— SUPPLIED MATERIAL —

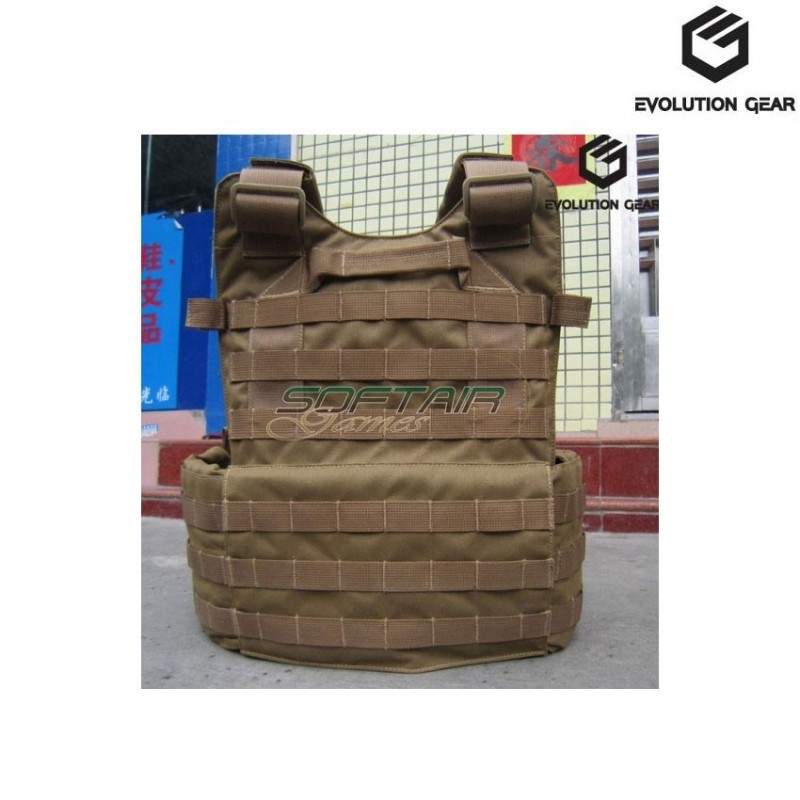 Vest Deluxe 6094a Coyote Brown Evolution Gear® (evg-021-cb)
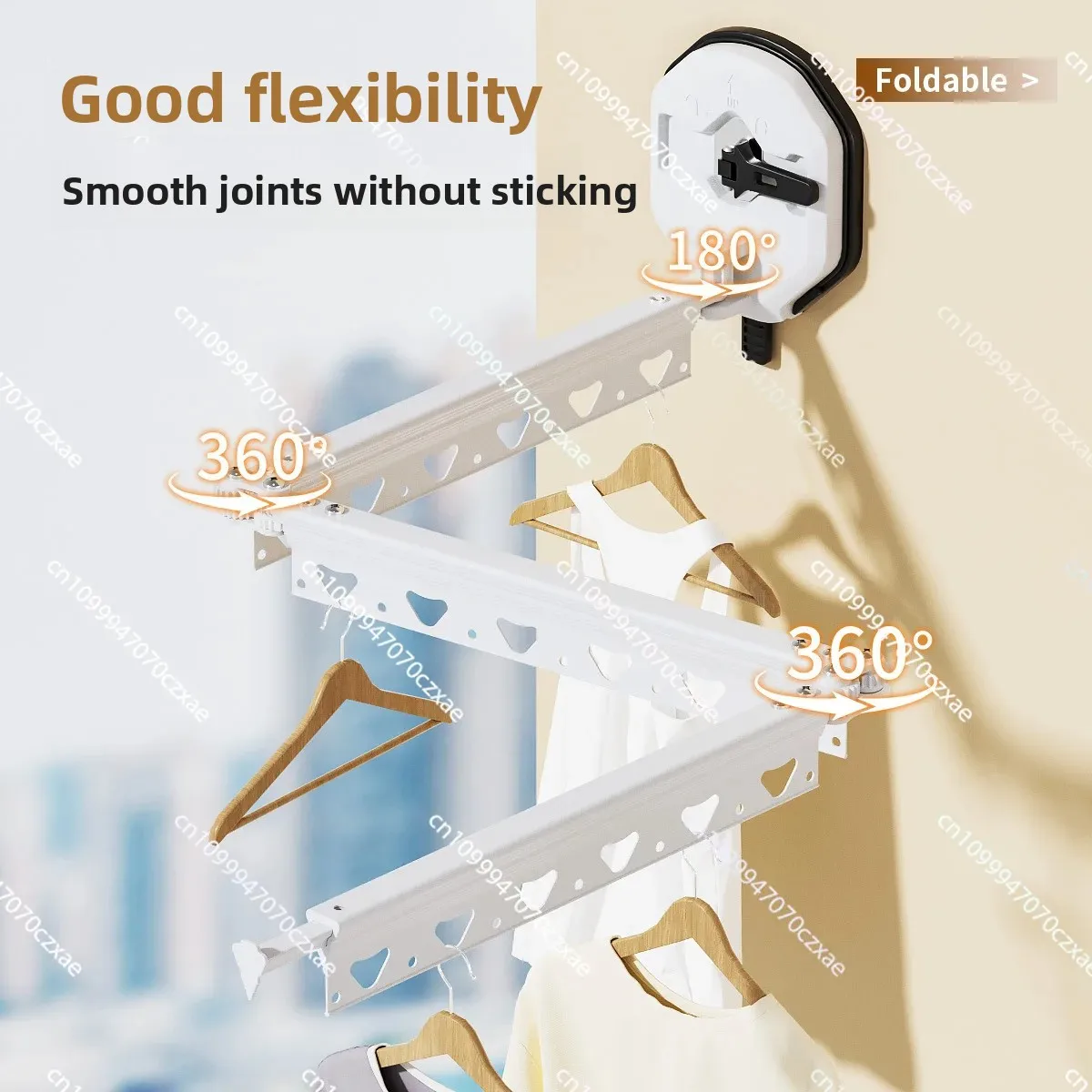 

Balcony Folding Drying Rack, Wall Hanging Quilt Rod, Suction Cup Type Telescopic Rod, Partition Curtain and Shower Curtain Rod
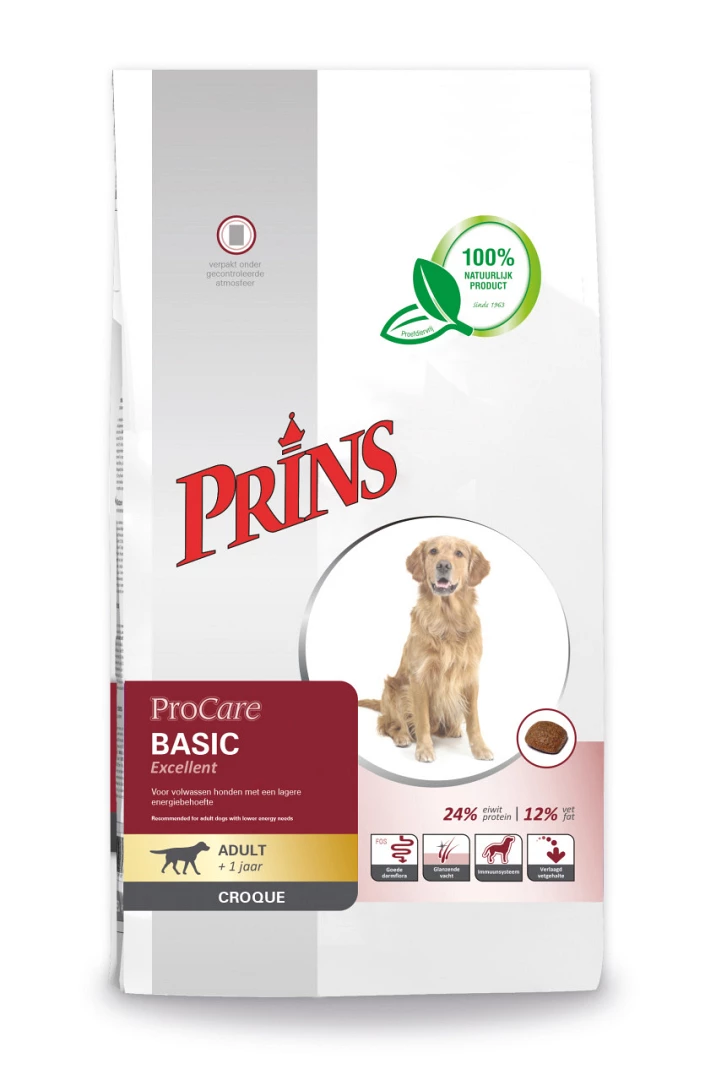 Prins Hondenvoer ProCare Croque Basic Excellent 2 Kg 3 Prins Hondenvoer ProCare Croque Basic Excellent 2 Kg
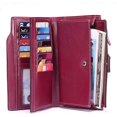 thumbnail image 3 of YooGuoGuo Womens Wallet RFID Blocking Long Purse Genuine Leather Credit Card Holder Clutch Phone Wallet Purse with ID Window, 3 of 6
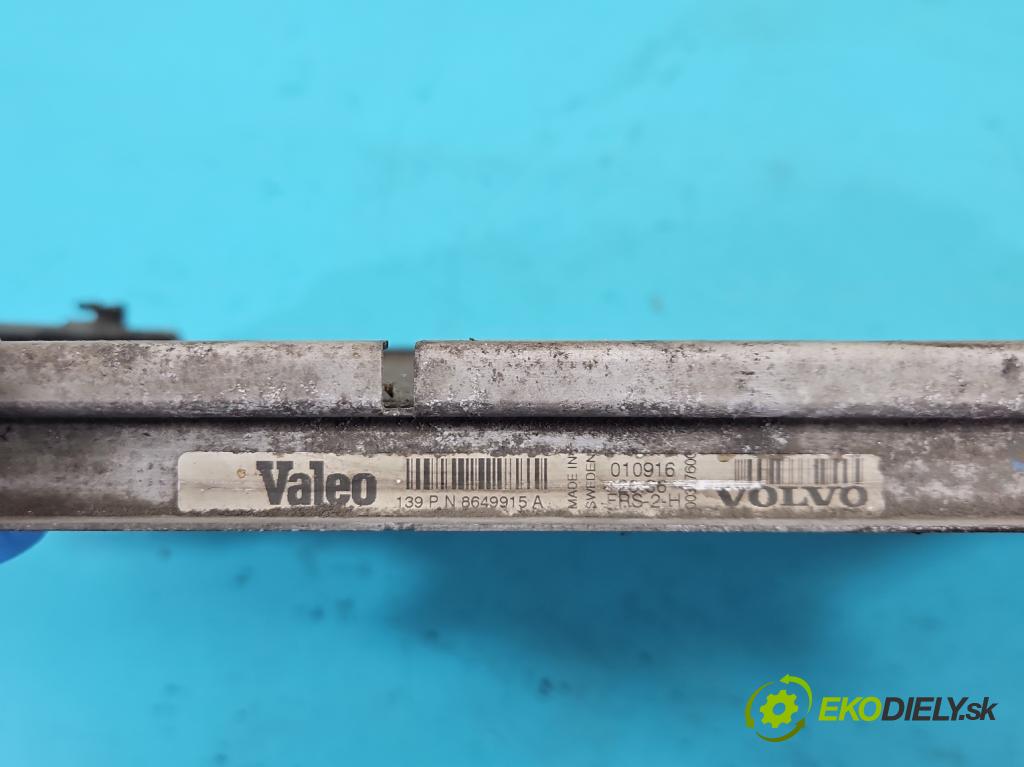 Volvo S60 I 2000-2010 2.4 20V 140 hp manual 103 kW 2435 cm3 4- Chladič vody 8649915A (Chladiče vody)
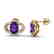 4 CTW Amethyst And Micro Pave VS/SI Diamond Earrings - 2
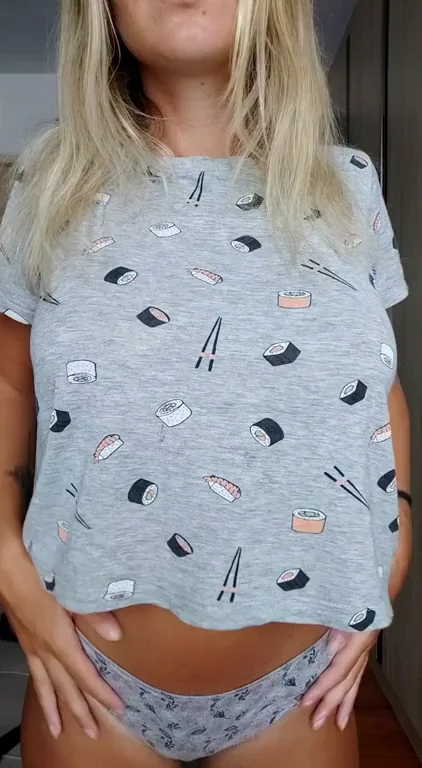 Chopstick in My Sushi Roll? 🍣🍤 Titty Drop Tease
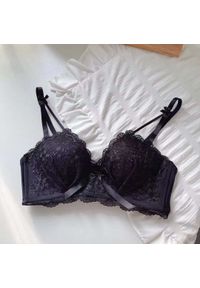 Intica - Biustonosz full cup koronkowy z regulowanymi ramiączkami Bridgette. Kolor: czarny. Materiał: koronka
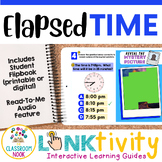 Elapsed Time Mystery Picture LINKtivity® (Using a Clock, N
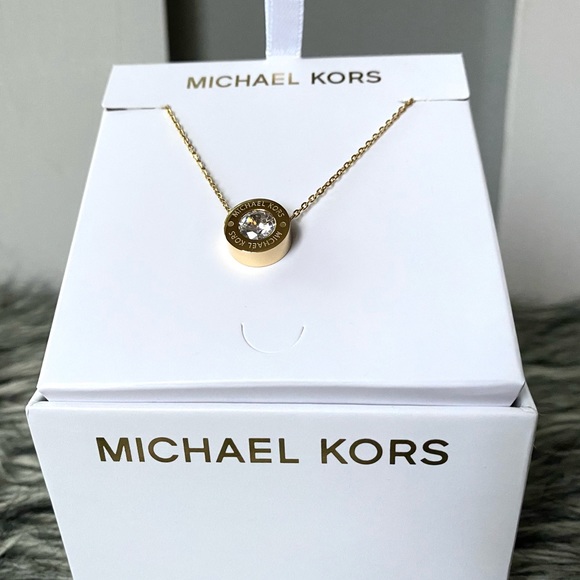 NWT authentic MK gold tone stone pendant - Picture 4 of 5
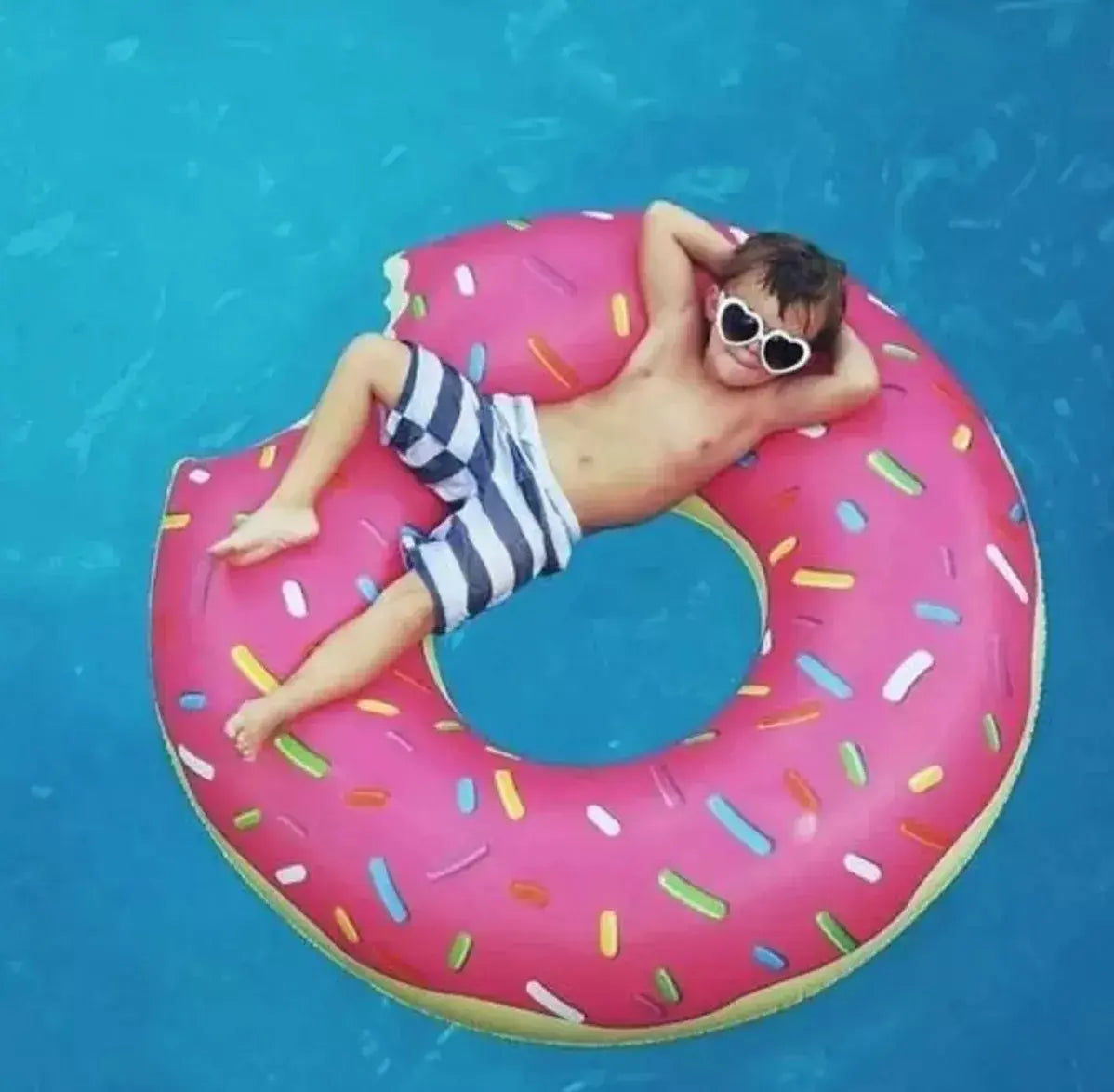 Flotador De Natación Inflable Dona Donut De 120cm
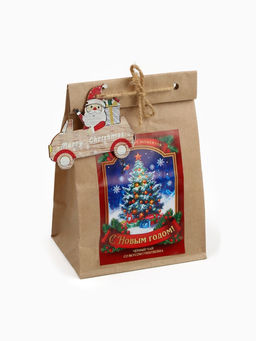 Чай подарочный в крафтовом пакете с игрушкой С Новым годом, 50 г - Фабрика счастья фото 2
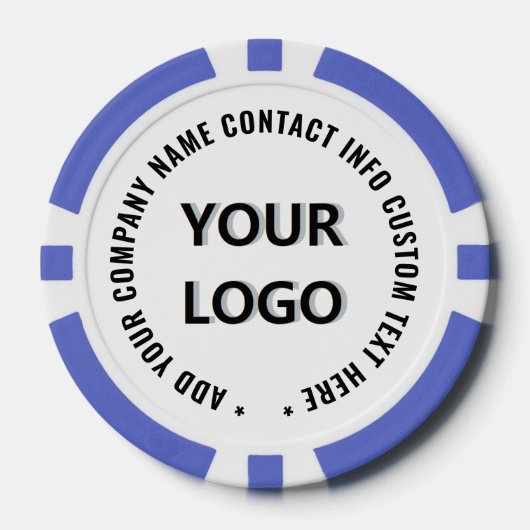 Merkontwerp Uw Logo Aangepaste Tekst Pokerfiches Poker Chips (Voorkant)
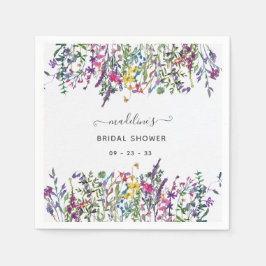 Servilleta De Papel Flores silvestres Floral Bridal Shower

— REQUIRED WORK —
Each record is to be written out exactly. No picture goes in.

— EXPECTED ANSWER —
 Vest Deluxe 6094a Coyote Brown Evolution Gear® (evg-021-cb)

Balcony Folding Drying Rack, Wall Hanging Quilt Rod, Suction Cup Type Telescopic Rod, Partition Curtain and Shower Curtain Rod
 Prins Hondenvoer ProCare Croque Basic Excellent 2 Kg 3 Prins Hondenvoer ProCare Croque Basic Excellent 2 Kg
 thumbnail image 3 of YooGuoGuo Womens Wallet RFID Blocking Long Purse Genuine Leather Credit Card Holder Clutch Phone Wallet Purse with ID Window, 3 of 6
 Volvo S60 I 2000-2010 2.4 20V 140 hp manual 103 kW 2435 cm3 4- Chladič vody 8649915A (Chladiče vody)
 4 CTW Amethyst And Micro Pave VS/SI Diamond Earrings - 2
 Chopstick in My Sushi Roll? 🍣🍤 Titty Drop Tease
 Intica - Biustonosz full cup koronkowy z regulowanymi ramiączkami Bridgette. Kolor: czarny. Materiał: koronka
 Elapsed Time Mystery Picture LINKtivity® (Using a Clock, N
 NWT authentic MK gold tone stone pendant - Picture 4 of 5
 Flotador De Natación Inflable Dona Donut De 120cm
 Чай подарочный в крафтовом пакете с игрушкой С Новым годом, 50 г - Фабрика счастья фото 2
 Merkontwerp Uw Logo Aangepaste Tekst Pokerfiches Poker Chips (Voorkant)
 Servilleta De Papel Flores silvestres Floral Bridal Shower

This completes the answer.